Erol Sunat

Erol Sunat

Ortalayıp gitmek

Ortalayıp gitmek

Efendim ortalamak deyince akla ilk futbol gelir. Futbolcu kardeşimiz, bakar ki, kaleci kalesinden öne doğru fazla çıkmış. Ortalar topu kaleye doğru ustaca.

Top süzülür, süzülür, aşar kaleciyi, ağlarla kucaklaşır. Stat, “goool…” diye fırlar kalkar ayağa.

Her orta gol olur mu?

Olmaz elbet…

Bakmakla görmek arasındaki ince çizgiyi keşfetmiş olan futbolcular, ortalardan çok goller attılar bugüne dek…

Bize gelince, bizde laf ortalarından, az gol yemedik…

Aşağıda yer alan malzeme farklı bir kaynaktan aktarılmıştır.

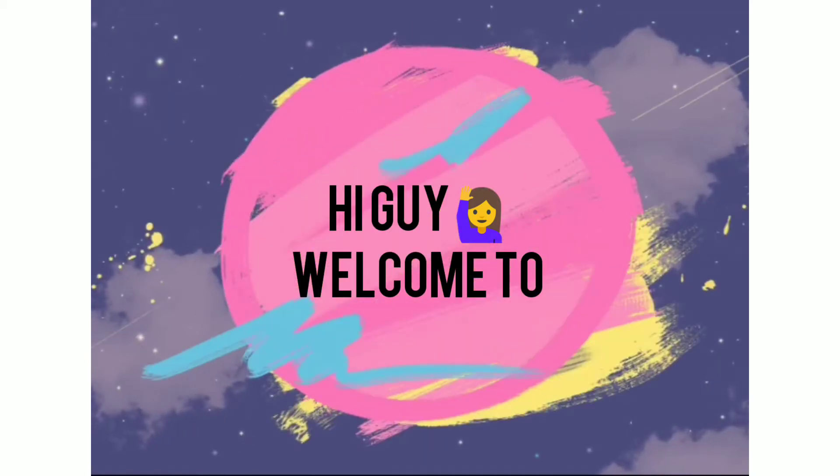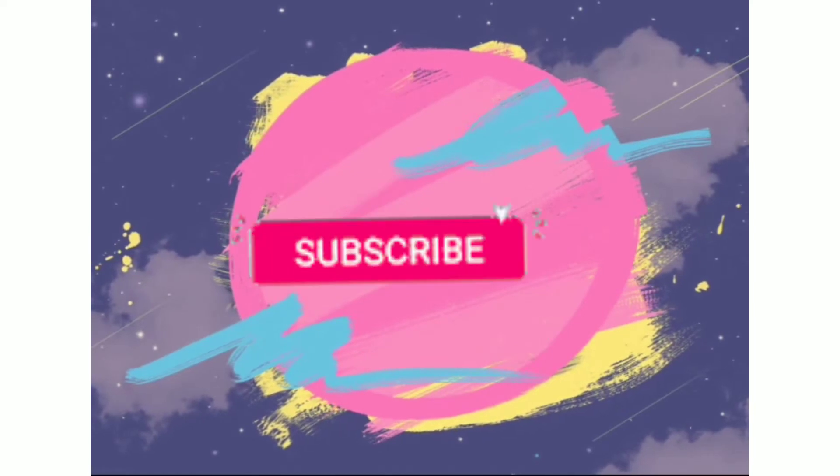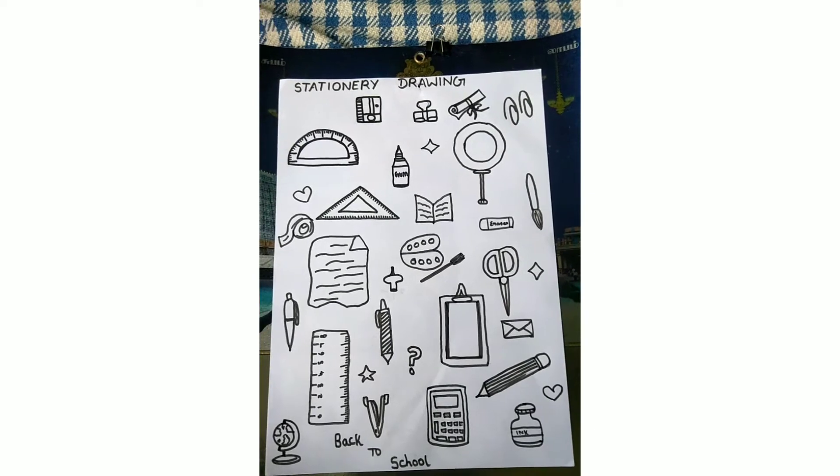Hi friends! Welcome back to my channel! If you want to subscribe to Princess Arts, you will be able to subscribe to our channel. Click on the bell icon, and you will be able to watch another video on the channel.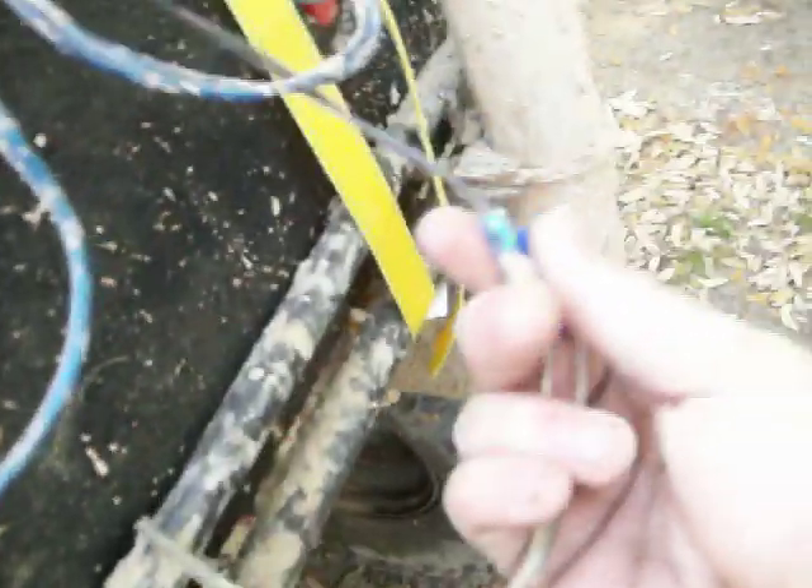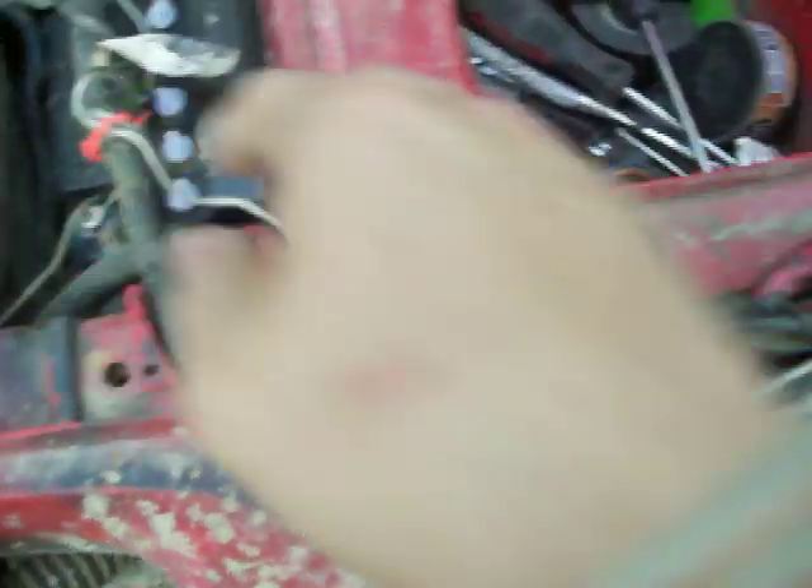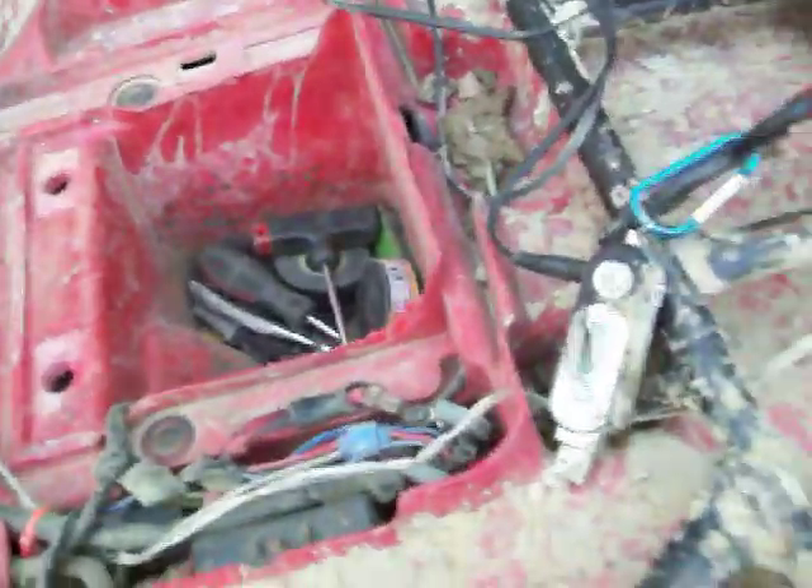That's it. I just spliced the speaker wire to make it longer. Power input right there, run it through, run it to there, run to your solenoid — the positive on your solenoid, which is the red one — and then the negative on the battery. And that's all you got to do. Good luck. If you have any questions, let me know.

Sokağa her adımımızı attığımızda birkaç sıfır geride olarak çıkıyoruz.

Nedeni Orhan Velilik…

Cep delik, cepken delik…

Biz bu hale hep bu orta kavramından geldik…

Aslında ortalayıp gitmeye ne aşinayız ne aşık ne de meraklı…

Felek kattı bizi önüne, ortalarda bir yerde bıraktı. Bu işin ortası da bu, ortalaması da bu dedi, varın bakın başınızın çaresine diye de ekledi.

*****

Bu orta meselesini çözse-çözse, Hoca Nasreddin çözerdi. O mübarekte, olmayan göllere maya çalmaya kalkıyor. Gülmeye hiç niyeti olmayanları, surat savat bir karış olanları güldürmeye, en azından tebessüm ettirmeye çalışıyor.

Hoca Nasreddin, Fıkranın ortasından konuşuyor, kelamın irisini, dirisini, en iyisini koyuyor ortaya amma, dinleyen yok, gülen yok, gülümseyen yok…Oysa, dünyanın ortasında duran o. Dünyanın ortasından konuşan yine o…

Biz ise nasıl bir orta yerdeyiz bilmem?

Ortalarda gezinmek, etliye sütlüye karışmamak, zülfüyâra dokunmamak, azıcık aşım, ağrısız başım diyerek kimselere görünmeden, kimselere sataşmadan, kimselerle dalaşmadan orta yerlerde göze batmadan durmak ve yaşamak gibi bir yol tutturmuşuz.

Bunun adına orta yerde kaybolmak diyenlerde var.

Kaybolmuşuz, kaybolduğumuzun farkında değiliz diyenlerde…

Dramatik bir orta hikayesi yaşadığımız, dönüp dolaşıp Yunus’un dediğine çıkıyor…

“Bir garip ölmüş diyeler / Üç günden sonra duyalar / Soğuk su ile yuyalar…”

*****

Bizde ortalama bir şeyler söylemek, düşünmek olasıdır diyenler az değil…

Ortalayıp nasıl gidersiniz?

Yolun ortasından-ortasından mesela…

Meydanın ortası, tarlanın ortası, bahçenin ortası, evin ortası, haftanın ortası, ayın ortası, yılın ortası, ömrün ortası derken orta yerde kaldık desek yalan değil…

Öğrencilik yıllarımızda, sınıfı neyle geçtin diye sorduklarında bir çoğumuz boynumuzu büküp orta ile derdik…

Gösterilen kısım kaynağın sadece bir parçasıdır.